Monday 17 August 2009

Calm after the Storm

Ah another Monday and I suppose it is confession time....
I sit here hanging my head in shame, I had a calorific disaster of mammoth proportions this weekend. I am not even going to say I fell off the wagon... right now I would have to say the wagon threw me off and then rode over me a few times and does not particularly want me back on it!
What a shame, to think I was doing so well...

This morning I was in a complete panic, I had a notebook out frantically writing out a new gym regime (obviously I had to up it to twice daily), designed a diet of about 250 calories per day and banned myself from all alcohol and social functions until the end of time!
How could I be so reckless as to undo all my efforts - Oh my God, what diet should I try next? Weight Watchers, Weigh Less, Sure Slim, Atkins, Cabbage Soup - Ah no, it is all so tiring!

GET A GRIP WOMAN !!!!! Okay so after a couple of deep breaths and after giving myself a pep talk I calmed down to a meer panic.
Another mishap so what... I am a late bloomer, I have always known that so perhaps turning into a Goddess might take a bit longer than initially anticipated, so it appears that those skinny jeans are on the "top shelf" and hard to reach as opposed to in my grasp.

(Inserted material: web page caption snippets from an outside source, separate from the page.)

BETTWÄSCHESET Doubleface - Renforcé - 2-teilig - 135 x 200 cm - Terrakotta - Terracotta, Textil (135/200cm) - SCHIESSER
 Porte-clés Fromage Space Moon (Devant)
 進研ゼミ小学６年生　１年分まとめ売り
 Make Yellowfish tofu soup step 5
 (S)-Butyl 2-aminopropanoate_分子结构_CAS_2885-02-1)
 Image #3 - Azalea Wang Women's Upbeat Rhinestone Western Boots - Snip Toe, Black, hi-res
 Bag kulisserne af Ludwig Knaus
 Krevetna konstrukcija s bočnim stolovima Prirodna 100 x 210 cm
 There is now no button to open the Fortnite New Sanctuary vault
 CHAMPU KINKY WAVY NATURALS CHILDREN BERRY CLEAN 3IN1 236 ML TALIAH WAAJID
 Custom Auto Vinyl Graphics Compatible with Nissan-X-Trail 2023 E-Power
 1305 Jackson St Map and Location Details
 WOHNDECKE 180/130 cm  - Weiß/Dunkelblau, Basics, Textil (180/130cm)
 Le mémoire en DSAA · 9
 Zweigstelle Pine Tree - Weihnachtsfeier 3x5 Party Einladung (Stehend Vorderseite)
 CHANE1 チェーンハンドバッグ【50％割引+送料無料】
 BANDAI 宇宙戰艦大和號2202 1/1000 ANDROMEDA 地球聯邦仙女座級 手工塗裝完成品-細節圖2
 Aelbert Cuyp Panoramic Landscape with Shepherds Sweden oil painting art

I just hope they are bloody still in fashion when I am able to wear them.
So, despite my own disasterous weekend I managed to "Spread the word of finding one's inner Goddess" far and wide on Friday night after a few tipples so at least something went right...

-I invented "Friday - dare day" and managed to convince my posse to try it out this week. The girls have to try something new, experiment, push their boundaries and wear something, even a colour out of their comfort zone.


-I offered my services to revamp a girl's wardrobe and,


-I styled a friend there and then in the local pub from "drab to fab" when we noticed a old hunky conquest of hers had arrived at our drinking hole and... it worked!


Okay so for me and my own personal goals, it is back to the drawing board once again... I suppose the most important thing is not to give up!

I read this in a magazine this weekend, I forget who it is by:
"There is no such thing as an plain woman, only one that has not realised her full potential" - well there we go, even though I am a late bloomer, I will still be a beautiful flower one day!